Restless legs syndrome is also called Willis-Ekbom disease and can worsen as you age, leading to sleep disruptions and interfering with daily life.

Know the Symptoms

  • People who experience restless legs syndrome often describe the feeling using words like bubbling, crawling, drawing, pulling, searing, or tingling. It normally is felt beneath the skin, around the calf area, triggering an irresistible desire to move about. It’s not unusual for these feelings to creep into your thighs, feet, and arms. They’re often the first symptoms that some people experience.
  • They happen you’re relaxed or sleeping, often between 10 p.m. and 4 a.m.
  • Symptoms get worse shortly after midnight but disappear by morning.
  • Sleep is often disturbed because of the sensations and desire to move your legs, but if you resist, the tension could force your legs to move in a herky-jerky fashion.

Some of these symptoms can be managed with ketamine therapy from a specialty clinic, monitored by a team of medical professionals who monitor the medicine as it’s dispensed intravenously.

What Causes RLS?

No one knows the exact cause of RLS, but studies have revealed three factors that are pertinent to the disease: iron concentrations in the brain, brain dopamine concentrations, and genes.

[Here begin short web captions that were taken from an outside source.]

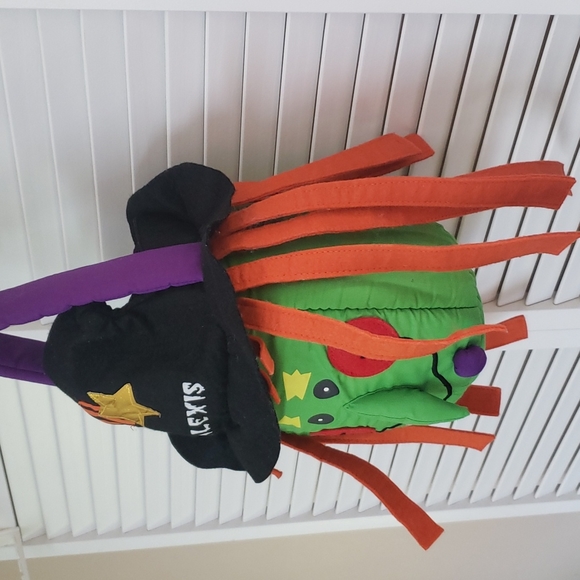 Lillian Vernon TRICK or TREAT Witch Head Candy Bag - Picture 7 of 12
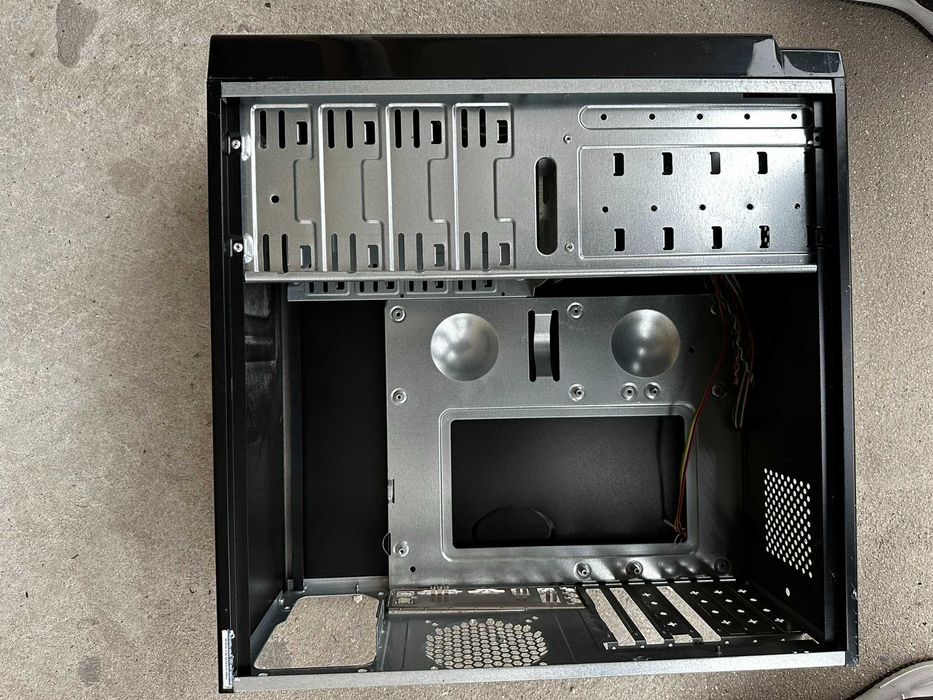 Компютърна кутия Delux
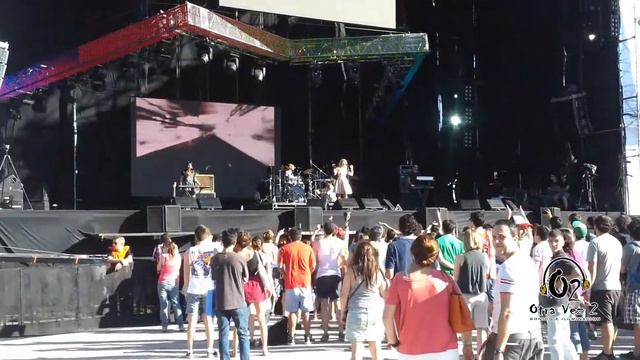 Little Boots - New In Town [HD - Personal Fest 2012] смотреть онлайн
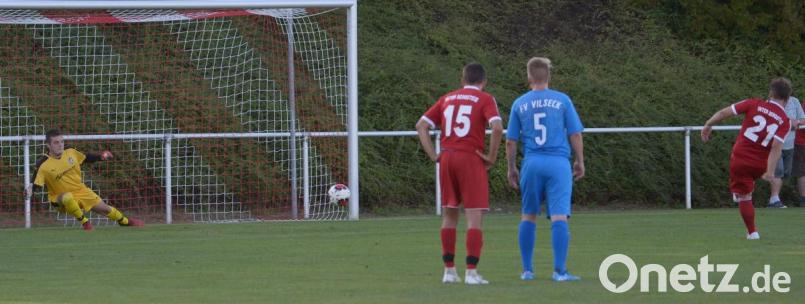 Nicolai Dürbeck (rechts) verwandelt den Elfer zum 1:0, Vilsecks Keeper Marco Hänsch ist machtlos. Bild: ref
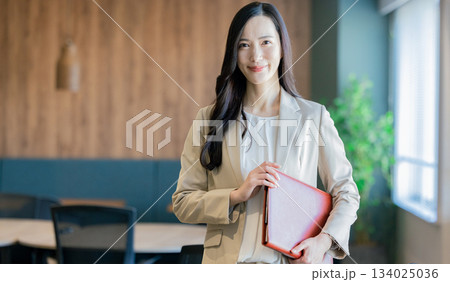 オフィスで働くビジネスウーマン 134025036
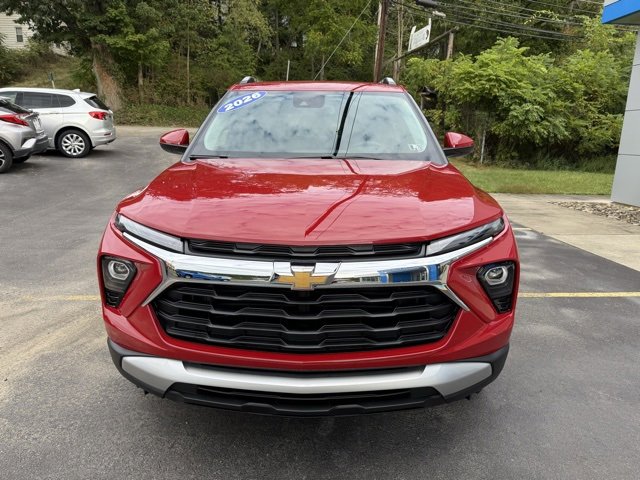 2026 Chevrolet Trailblazer LT photo 2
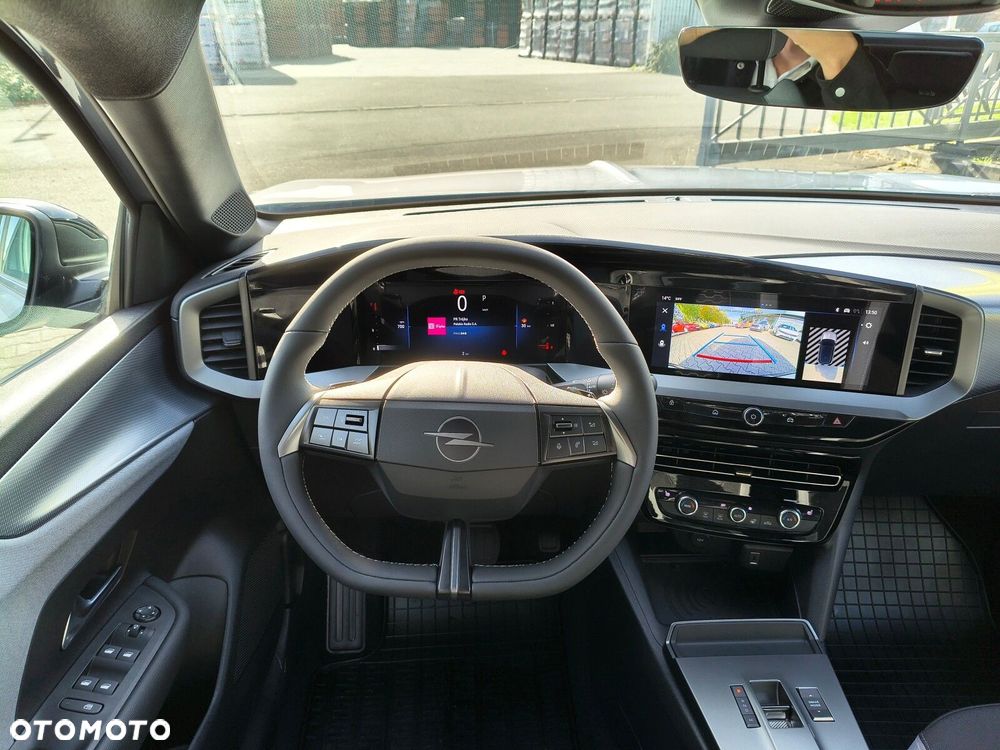 Opel Mokka 1.2 T Business Edition S&S - 11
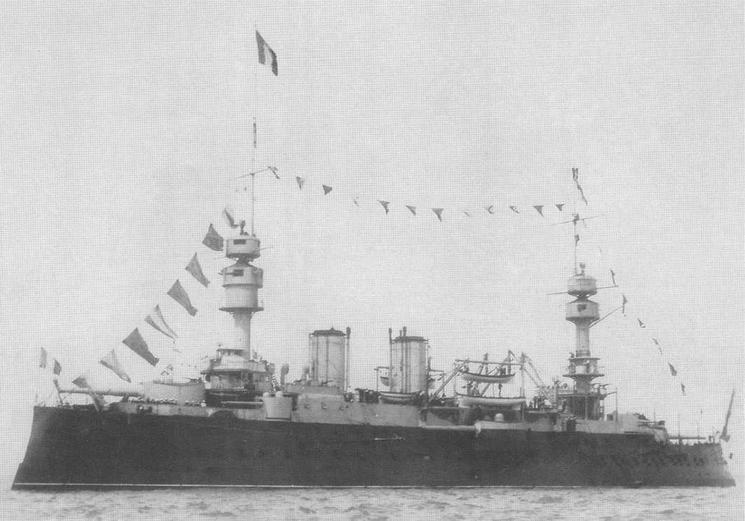 Иллюстрация к книге — Образцовые броненосцы Франции. Часть I. “Жорегибери”. 1891-1934 гг. [img_93.jpg]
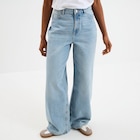 Promo Jeans large coton denim double stone femme à 25,99 € dans le catalogue La Halle à Verdun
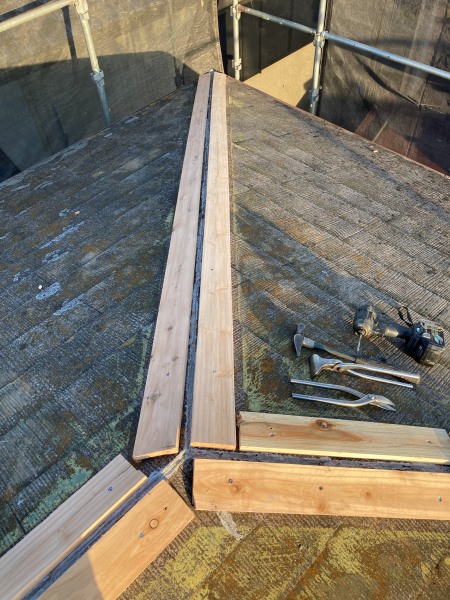 屋根の修理工事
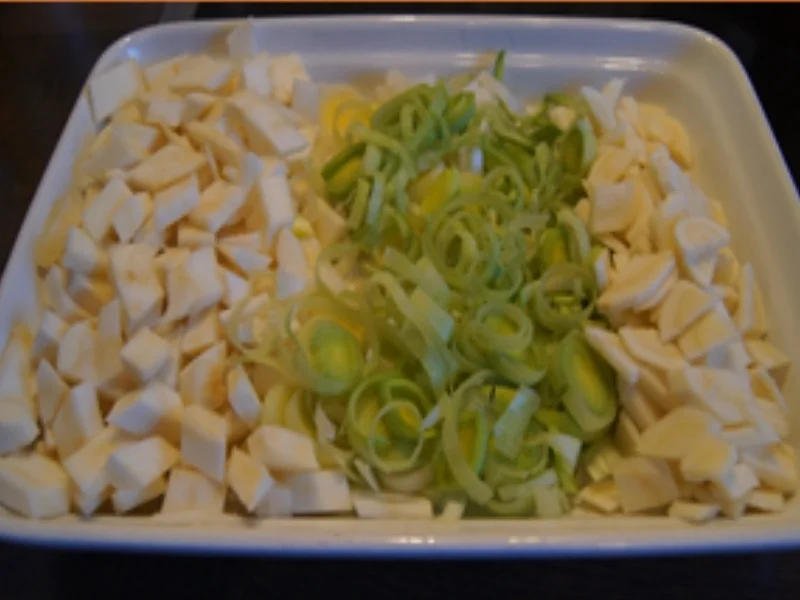 Rezept: Hühnersuppe mit Gemüse, Eierstich und Schnittnudeln Bild Nr. 15385 Hühnersuppe mit Gemüse, Eierstich und Schnittnudeln - Rezept - Bild Nr. 15385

  • Iron insufficiency is the most potent environmental risk factor linked to restless legs syndrome
  • Abnormal dopamine levels or problems with the dopamine system
  • Alcohol, nicotine, and caffeine
  • Pregnancy, particularly during the last trimester
  • Nerve damage

Who Gets RLS?

Restless legs syndrome can affect anyone regardless of age or gender and is one of the most widespread sleep and movement disorders. It affects between 5 to 10 % of U.S. adults and 2 to 4% of children under 18 years old. For unknown reasons, RLS affects women more than men, and its frequency increases with age.

RLS and Other Diseases

Restless legs syndrome can mimic symptoms of other diseases or be a harbinger of another medical problem. When examined by a healthcare specialist, it’s essential to ask whether RLS could be a sign of something else, and about possible diagnosis and treatment options. Other conditions to be concerned about include:

  • Venous disease.
  • Symptoms of RLS are sometimes an indicator of peripheral neuropathy.
  • Hypothyroidism.
  • Fibromyalgia.
  • Parkinson’s disease.
  • Kidney disease.
  • Rheumatoid arthritis. Some reports indicate that rheumatoid arthritis may be diagnosed in up to 30% of people with RLS.
  • Pregnancy.
  • Dialysis.
  • Periodic limb movement disorder, an ailment where your leg muscles contract and lurch every several seconds while you’re sleeping. These movements could be anywhere from less than a second in length, to 10 or more.
  • Insomnia. In one study by Johns Hopkins Medicine, researchers used magnetic resonance imaging to examine the brain and discovered glutamate — a chemical messenger involved in arousal — was at “abnormally high levels in people with RLS.” Higher levels of glutamate in the brain correlated to worsening sleep for people with restless legs disorder.
  • Mental health issues such as anxiety, depression, and other mood disorders. According to the American Academy of Neurology, 47.9% of people with depression also have RLS, and 22.7% for anxiety.
  • RLS could be a sign of alcohol abuse, but more research is needed.
  • Tobacco use disorders. In some cases, patients with RLS were also discovered to have been extreme tobacco users as the substance temporarily soothed pain related to the condition.
  • Arthritis has been shown to occur in 28% of people with RLS, with 24% experiencing osteoarthritis.
  • Attention-deficit/hyperactivity disorder.
  • Cardiovascular disease.
  • End-stage renal disease.
  • Liver disease.
  • Migraine.
  • Multiple sclerosis.
  • Narcolepsy.
  • Obesity.
  • Sleep disorders
  • Somatoform pain disorder.
  • Uremia.

Criteria for diagnosing RLS revolves around the symptoms and how often they happen. Your healthcare provider may recommend a physical or neurological examination, plus blood and other tests. Treatment often involves pain relievers, muscle relaxers, or ketamine therapy from a specialty clinic.